• WHAT YOU ARE ASKED TO DO:
The line with "Hi everyone, welcome" marks the first line to copy, and the line with "Now coming directly" marks the last. Transcribe that stretch of the data below exactly, without pictures.

(Stored dataset items)

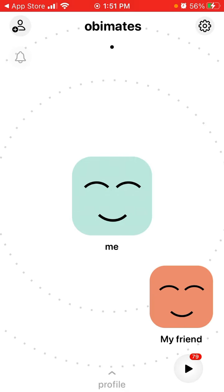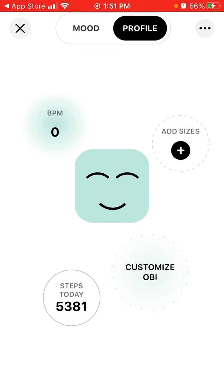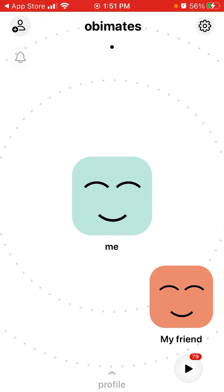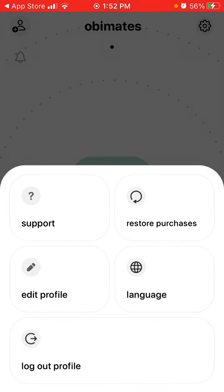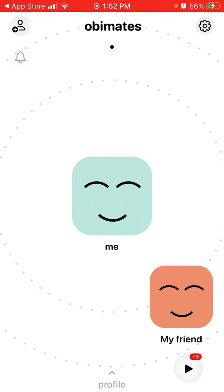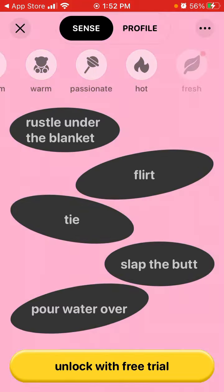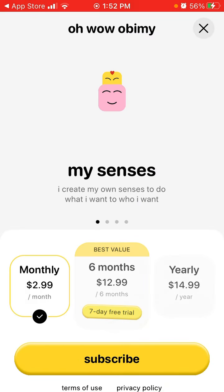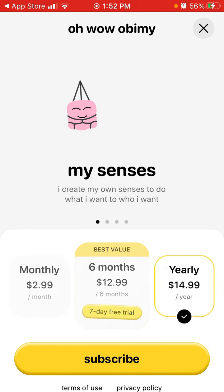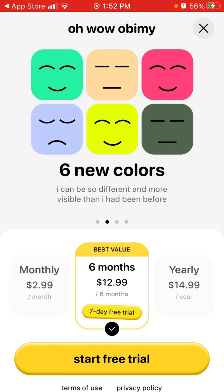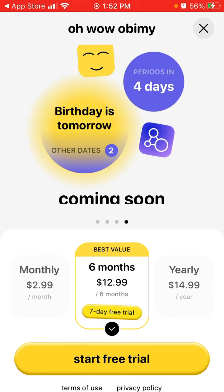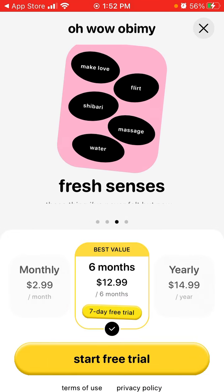So those are the updates. You can now add as many people as you like — I'm not sure if there's a limit. There are all these settings and a premium subscription. To upgrade, just try to send any new action and unlock with a free trial — monthly, six months, or yearly — and you can send new senses with new colors.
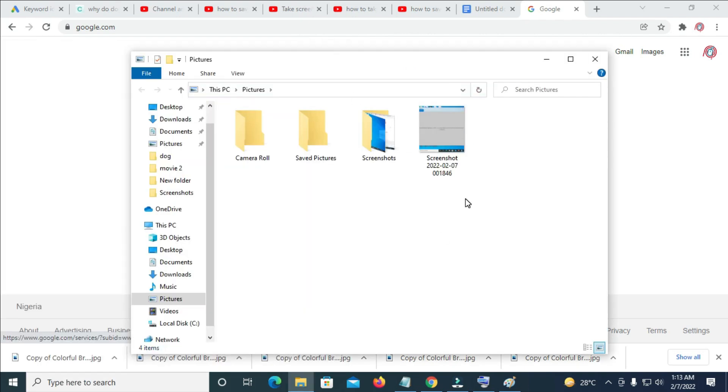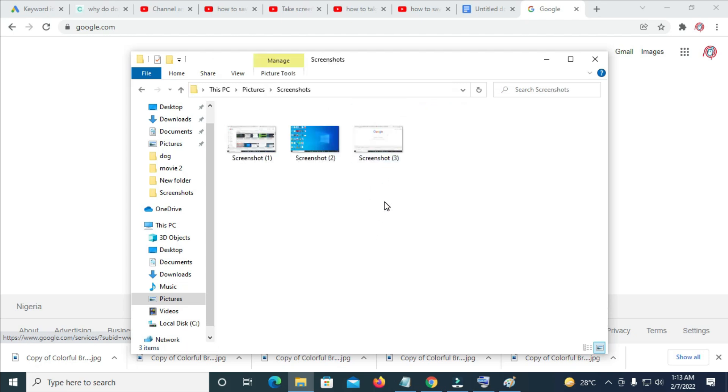So this folder will open then the other way to do is to double click on screenshots and as you can see right here, here is what we just screenshotted.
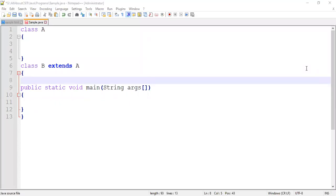Hi everyone, welcome back. Now let's see the program on inheritance. In the previous video I explained about the basic concept of inheritance and types of inheritance. Now let's work on the program. Here I created two classes: class A and class B.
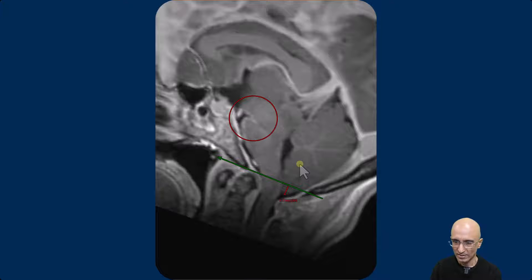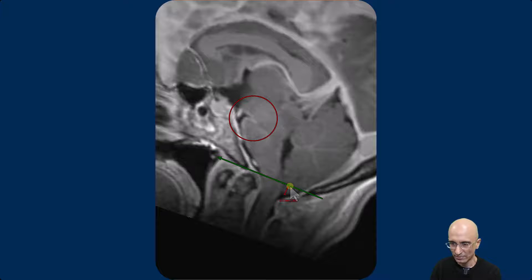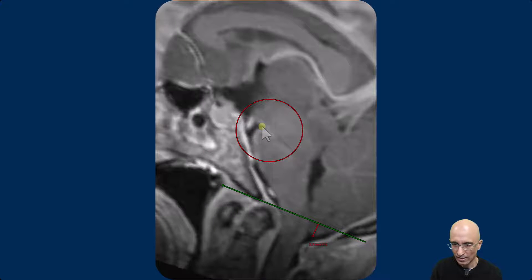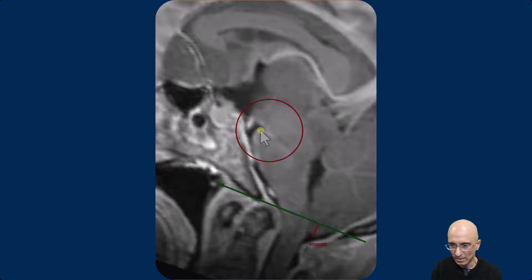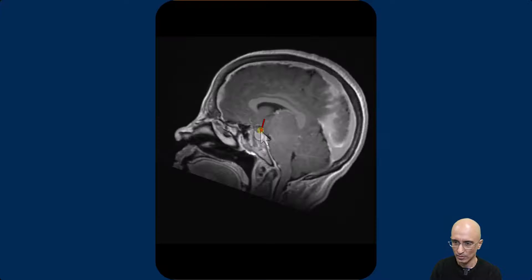On the sagittal midbrain images, you can identify the tonsillar ectopia. It's almost six millimeters below the Basion-Opisthion line. And if you look at the distance between the mammillary body to the pons, it's narrowed. The angle between the pons to the midbrain is also narrowed.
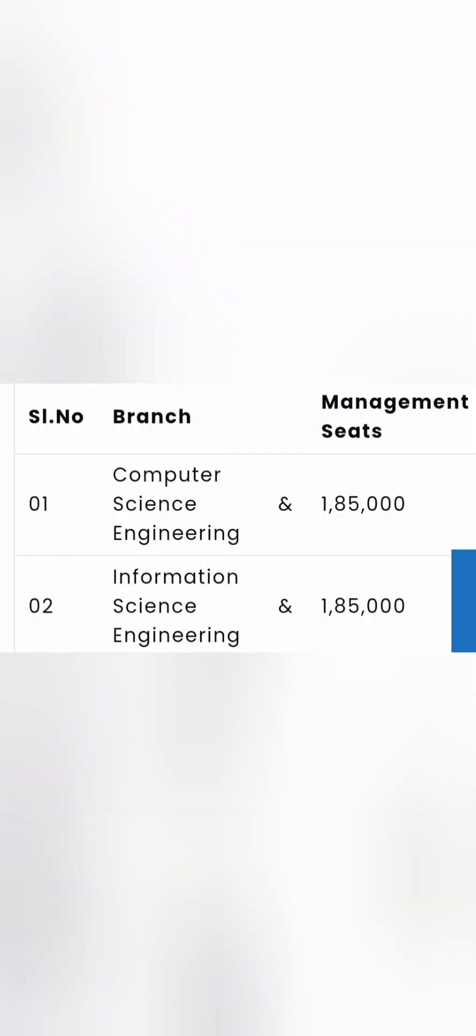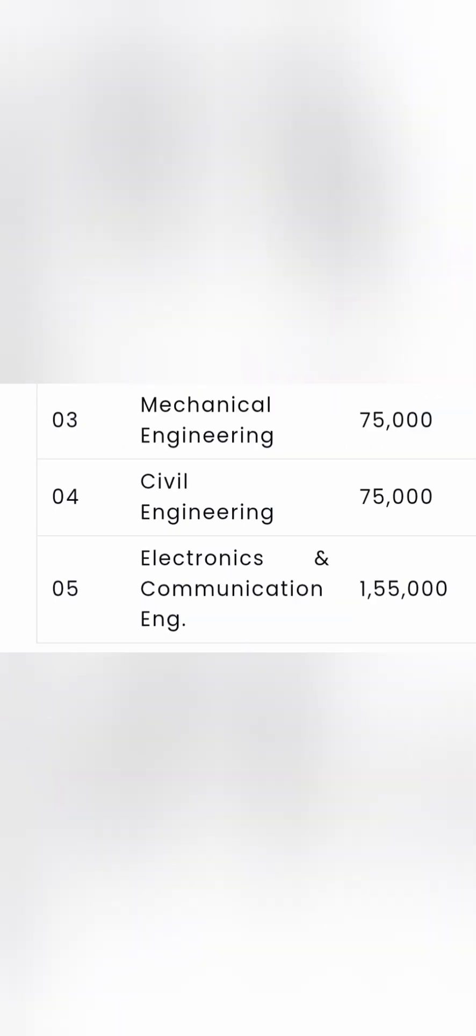Now coming directly to the fees. KCET fees is around 89,000 but if you are going through management quota then computer science engineering is around 185,000 and similar fees for information science engineering which is also 185,000 per year. Any of the computer specialization fees is also the same. Mechanical engineering 75,000 and civil engineering is 75,000. ECE which is also a good option here, one lakh 55,000 per year.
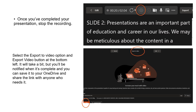Once you've completed your presentation, stop the recording. Use the Export to Video option to create an MP4 video. Once it's done, you can save that to your OneDrive and share the link with anyone who needs it, or even on Blackboard if required.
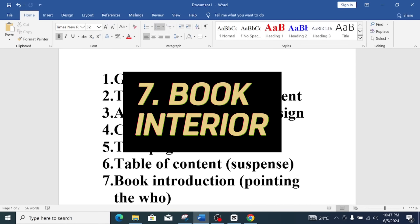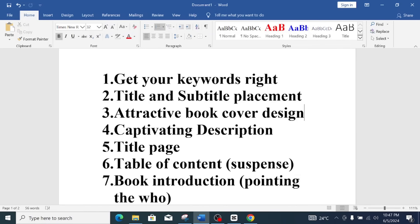Number seven: book introduction — pointing out the 'who.' After buyers check your title, subtitle, cover, description, title page, and table of contents, they go in-depth to check your book introduction. This is where you lock your marketing. If you tick all six other boxes but your introduction is not captivating and doesn't capture their heart, they will move to the next person's book. Your best bet is to keep a buyer on your page through all stages. When they get to your introduction, this is where they make their final decision to buy.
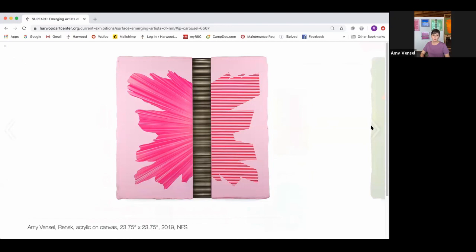Hi, I'm Amy Bunsell. I make paintings that incorporate a mix of gestural, geometric, and process-driven abstraction.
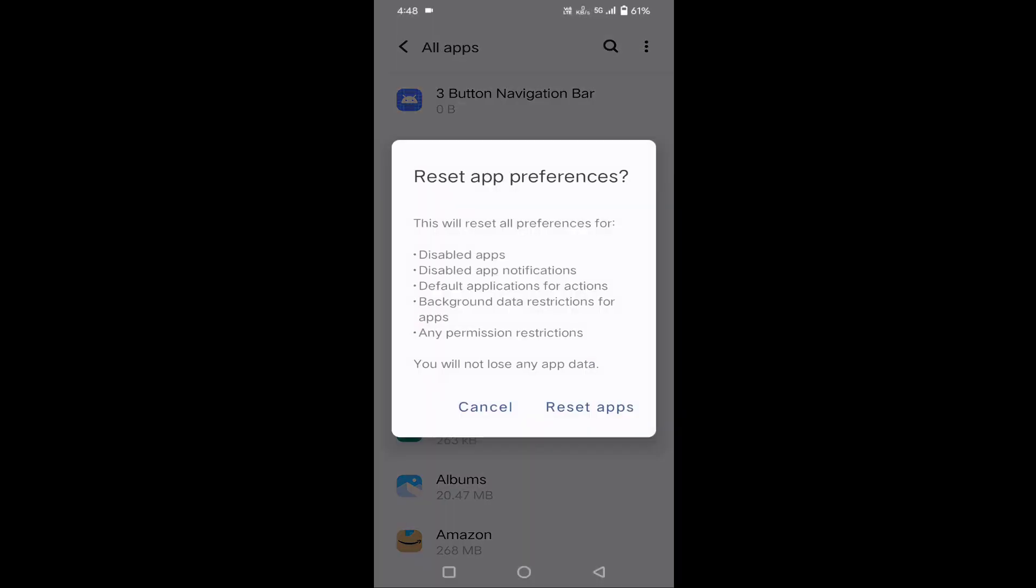This will reset, but before clicking reset, you have to make sure that you have read this carefully. This will reset all the preferences for disabled apps, disabled app notifications, default applications for actions, background data restrictions for apps, and any permission restrictions. You will not lose any data.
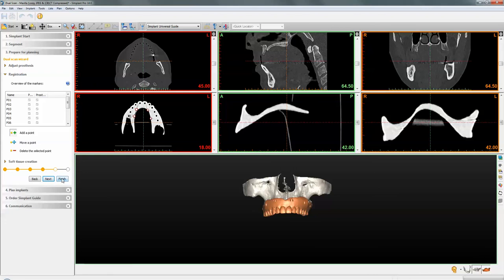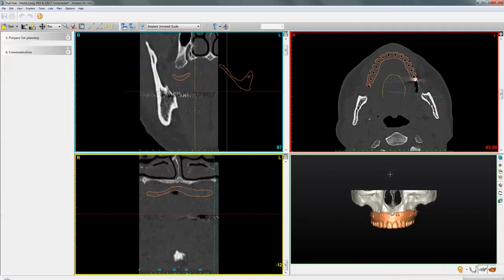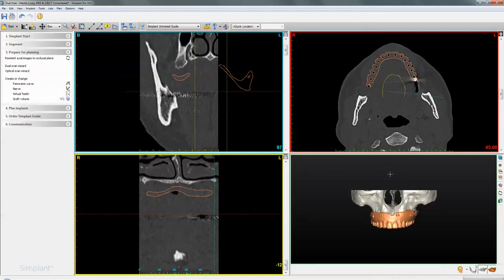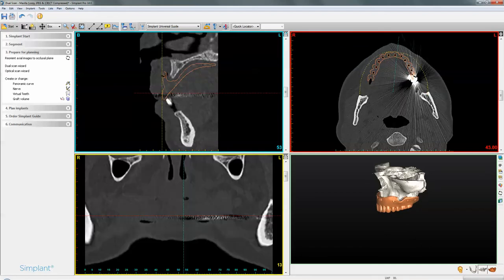Once the merge is complete, click Finish. Once the calculation is completed, you will now have the prosthetic envelope within your plan to go ahead and continue with the implant planning. This completes the video tutorial on the dual scan technique. Thank you very much.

• ANSWER SPACE:
Hi everyone, welcome back. Now let's see the program on inheritance. In the previous video I explained about the basic concept of inheritance and types of inheritance. Now let's work on the program. Here I created two classes: class A and class B.
On the sagittal midbrain images, you can identify the tonsillar ectopia. It's almost six millimeters below the Basion-Opisthion line. And if you look at the distance between the mammillary body to the pons, it's narrowed. The angle between the pons to the midbrain is also narrowed.
Now coming directly to the fees. KCET fees is around 89,000 but if you are going through management quota then computer science engineering is around 185,000 and similar fees for information science engineering which is also 185,000 per year. Any of the computer specialization fees is also the same. Mechanical engineering 75,000 and civil engineering is 75,000. ECE which is also a good option here, one lakh 55,000 per year.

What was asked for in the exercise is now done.